If you manufacture physical products and sell them in the European Union, a significant regulatory shift is heading your way. The EU's Ecodesign for Sustainable Products Regulation (ESPR), adopted in 2024, introduces the concept of the Digital Product Passport (DPP)—a mandatory digital record that must accompany products sold in the EU market. The first category affected is batteries, with DPPs required from February 2027 under the separate but closely related EU Battery Regulation.

This isn't a distant hypothetical. It's legislation that has already been adopted, with implementation timelines that are closer than most manufacturers realise. The companies that start preparing now will have a significant advantage over those scrambling to comply at the last minute.

What Is a Digital Product Passport?

A Digital Product Passport is a structured digital record linked to a specific physical product. Think of it as a comprehensive identity document for a product—one that travels with it throughout its entire lifecycle, from manufacturing through use, repair, resale, and eventual recycling or disposal. For a complete introduction to the concept, see What Is a Digital Product Passport? The Definitive Guide.
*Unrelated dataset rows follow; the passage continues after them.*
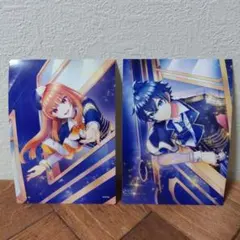 カラフルピーチ ブロマイド 2枚セット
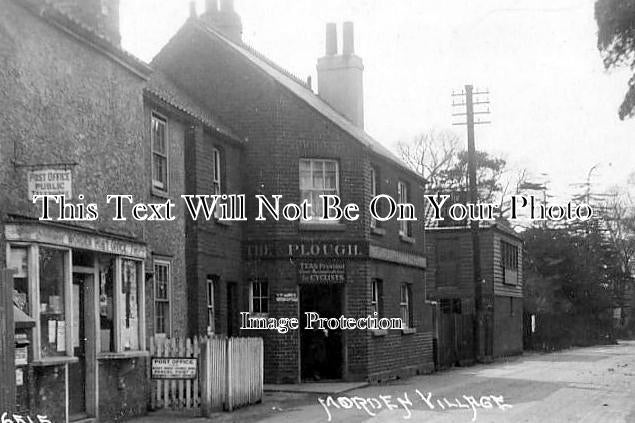 LO 3416 - The Plough, Morden Village, Merton, London c1915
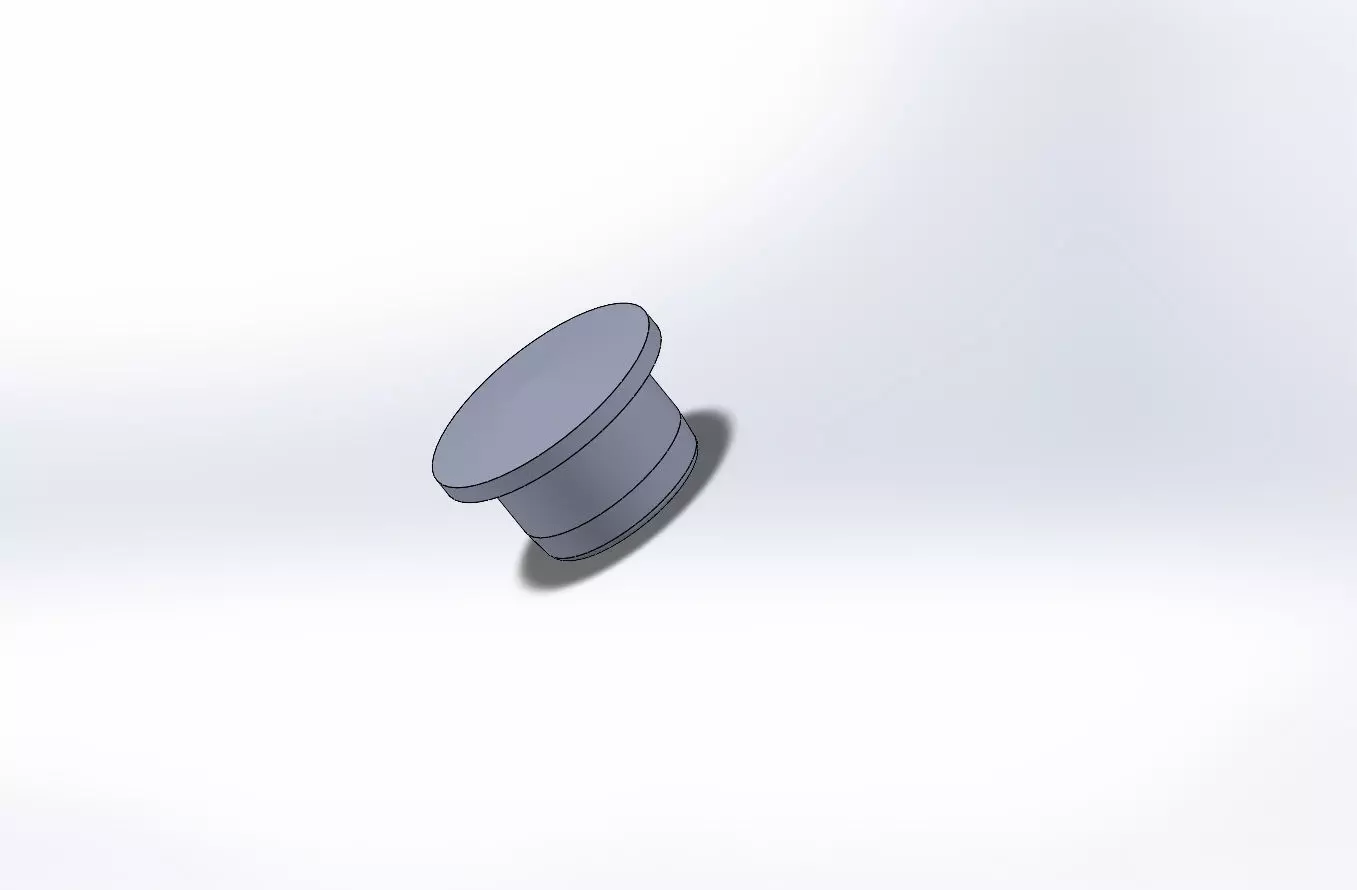 2226977 GM Plug for doors zafira b 3D print model_0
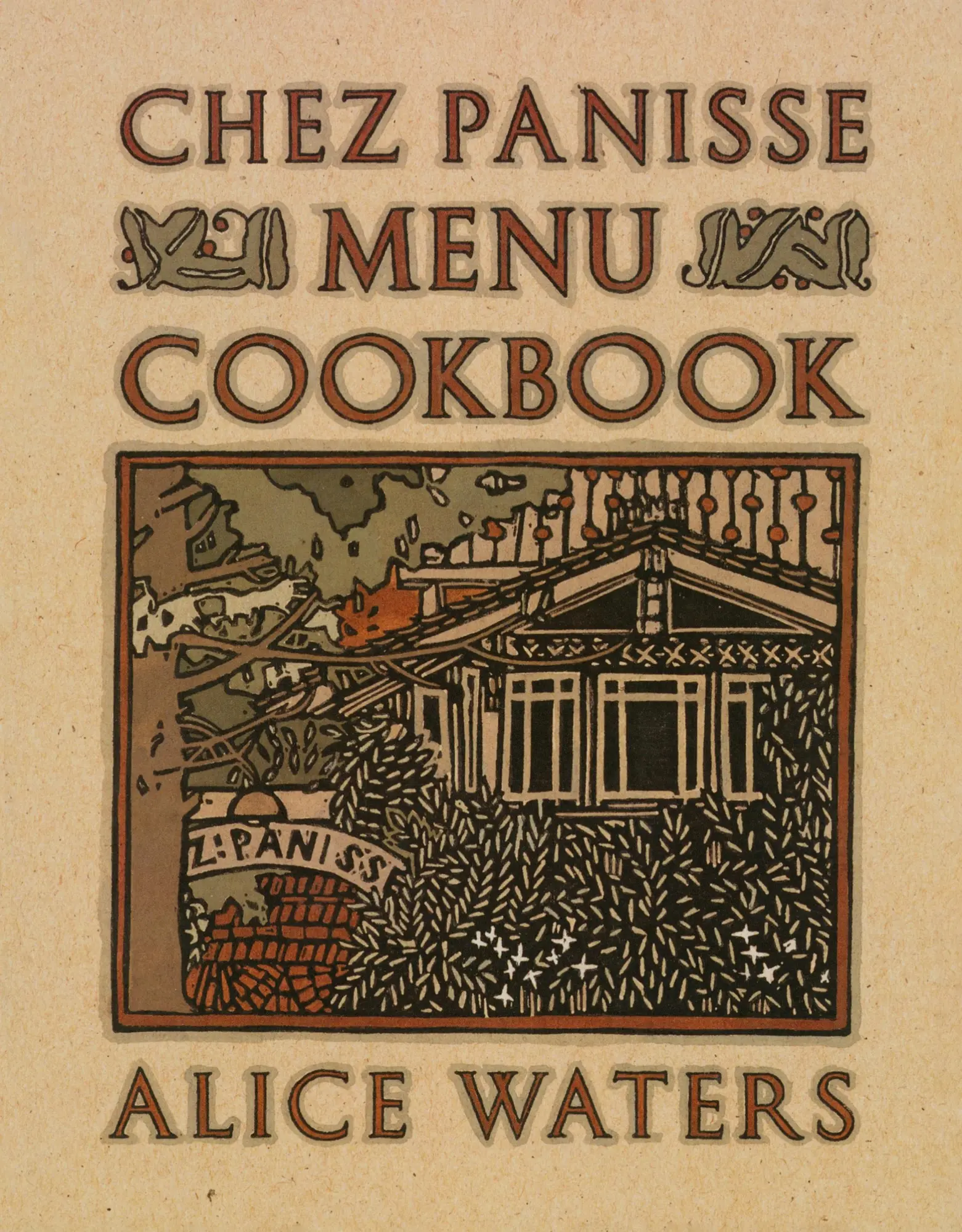 Cover: 9780679758181 | Chez Panisse Menu Cookbook | Alice Waters | Taschenbuch | Englisch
Unlike a traditional product label or datasheet, a DPP is:

  • Digital and machine-readable: accessible via a data carrier (such as a QR code or NFC tag) on the product itself
  • Product-specific: tied to a particular item or batch, not just a generic product line
  • Lifecycle-spanning: designed to be updated and accessed at every stage of the product's life
  • Standardised: structured according to regulatory requirements so that authorities, recyclers, consumers, and other stakeholders can all access and interpret the data

The underlying goal is to support the EU's circular economy ambitions. By making product information transparent and accessible, DPPs enable better decisions at every stage—from purchasing to repair to end-of-life processing.

What Data Must a DPP Contain?

The ESPR establishes a framework, with specific data requirements to be defined through delegated acts for each product category. However, the regulation sets out broad categories of information that DPPs will need to include:

Product Identification and Manufacturer Information

  • Unique product identifier
  • Manufacturer name, registered trade name, and contact details
  • Facility of manufacture
  • Product model and batch or serial number

Materials and Substances of Concern

  • Bill of materials or material composition
  • Presence and concentration of substances of concern (as defined under REACH and other EU chemical regulations)
  • Information relevant to safe handling and disposal

Environmental Footprint Data

  • Carbon footprint of the product (where required by the specific delegated act)
  • Environmental impact data across the product lifecycle
  • Information on recycled content

Repairability and Durability

  • Expected product lifespan
  • Repairability score or index (where applicable)
  • Availability of spare parts and their expected availability period
  • Repair and maintenance instructions

End-of-Life and Recycling

  • Disassembly instructions
  • Recycling instructions and applicable waste streams
  • Information relevant to material recovery

Compliance and Declarations

  • EU Declaration of Conformity or reference to it
  • Applicable regulatory standards and compliance status
  • Links to relevant test reports or certifications

The exact requirements will vary by product category. Battery DPPs, for instance, have very specific requirements around state of health, capacity degradation, and chemical composition that are defined in the EU Battery Regulation.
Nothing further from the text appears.